Esmerelda Van Twinkle, the protagonist in my novel
The French Revolution, is a morbidly obese pastry chef at a series of ultra-hip San Francisco gourmet restaurants. Esmerelda's my favorite character because (A) she's got boatloads of attitude, and (B) she gets to work with amazing food all day. And if there's one thing most people can agree on, it's that amazing food is a good thing.
(Side note: lest anyone think I'm picking on people with weight problems, allow me to volunteer that I've been battling my weight for pretty much my whole life, and attempted to explore the ins-and-outs of that uphill mind game through Esmerelda's story.)

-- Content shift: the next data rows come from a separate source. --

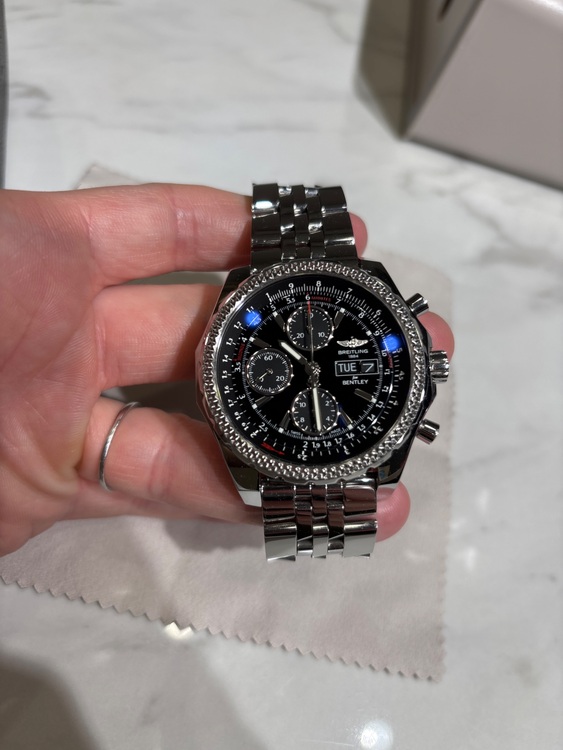 ブライトリング その他 ベントレーGT A1336（高級時計）の商品画像 - 査定依頼日：2025年10月11日 - 最高査定価格：460,000円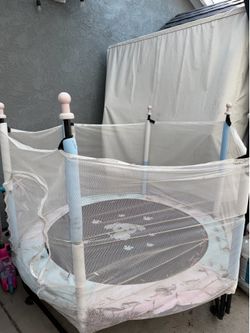 USED 60" Trampoline for Kids, Toddler Trampoline Indoor with Net, Age 3-8 5FT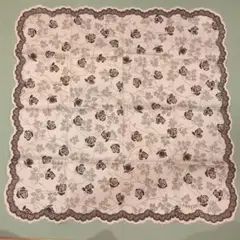 黒いバラ柄のハンカチ 約50cm×50cm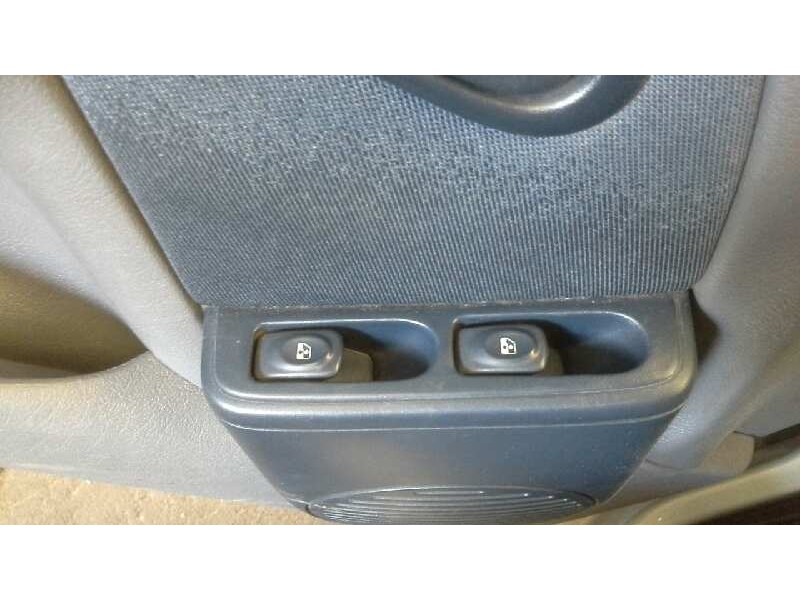 renault clio ii fase i (b/cbo) del año 2000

Thinking up blisteringly imaginative foodie concoctions is way harder than you think. It seemed that whenever I devised a particularly inventive dish for Esmerelda to develop — squid truffle paste, or candy-cane venison stew, or emu casserole slow-cooked with periwinkle nutmeg and served with gingerbread pretzels — the New Yorker food edition would come out with something better. Consider their profile of superchef Grant Aschatz working on a "dessert involving strawberries, Niçoise olives, and essence of violet," or New York chef David Chang's "smear of black nori purée on the bottom of the bowl; then a layer of sea scallops and chanterelles and possibly clams; and then, spooned on top in front of the customer, a soft heap of foaming dashi (kelp and dried-bonito broth), made intentionally unstable with just a little methylcellulose, so that in front of the customer's eyes the bubbles would burst and dissipate into a fishy liquid, at exactly the speed that foam from a wave dissipates onto sand."

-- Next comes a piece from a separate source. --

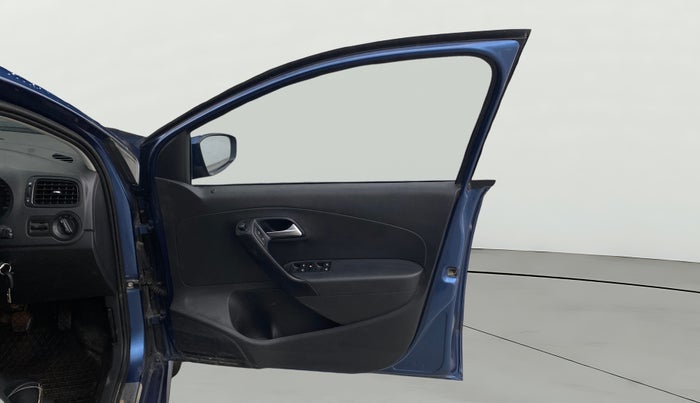 2016 Volkswagen Polo COMFORTLINE 1.2L, Petrol, Manual, 58,130 km, RHS Front Door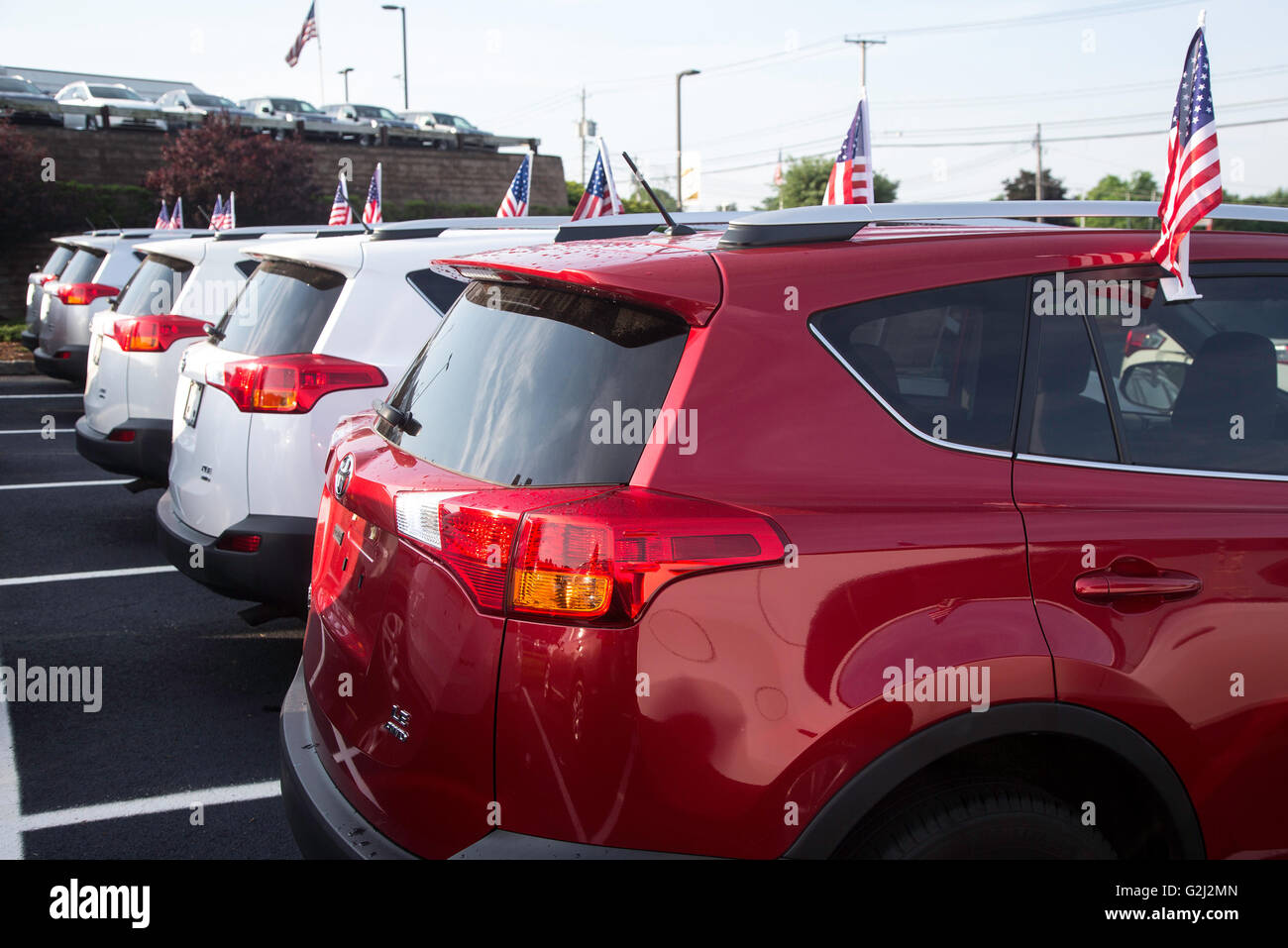 Auto usate per la vendita presso un concessionario Toyota Foto Stock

Which is pretty much untoppable.
Still, I tried. I sent Esmerelda to a secret culinary boot camp where she learned secrets from a reclusive kitchen demigod. I created a stunning rise to national domination on the back of tongue-lathering, saffron-sprinkled oatmeal cookies, which was necessarily followed by a crushing fall to ignominy at the hands of her mentor. Later, after much soul-searching as a cashier at a copy shop and, later, an up-and-coming New York bagel joint, Esmerelda's creative synapses start firing again at her own restaurant, where she begins churning out breathtaking dishes once more: jalapeno chutney pie, Fluffernutter cake layered with raspberry jam, baked bananas infused with pineapple reduction sauce.
Fun, isn't it? There's something miraculous about food — especially French food — and, of course, this brand of food is vastly different from classics like pork chop and baked potatoes. The combinations are brain-ticklingly wild, so crazy they might actually work.
But the only way to know for sure is to taste them — and until then, our imaginations are left to wonder.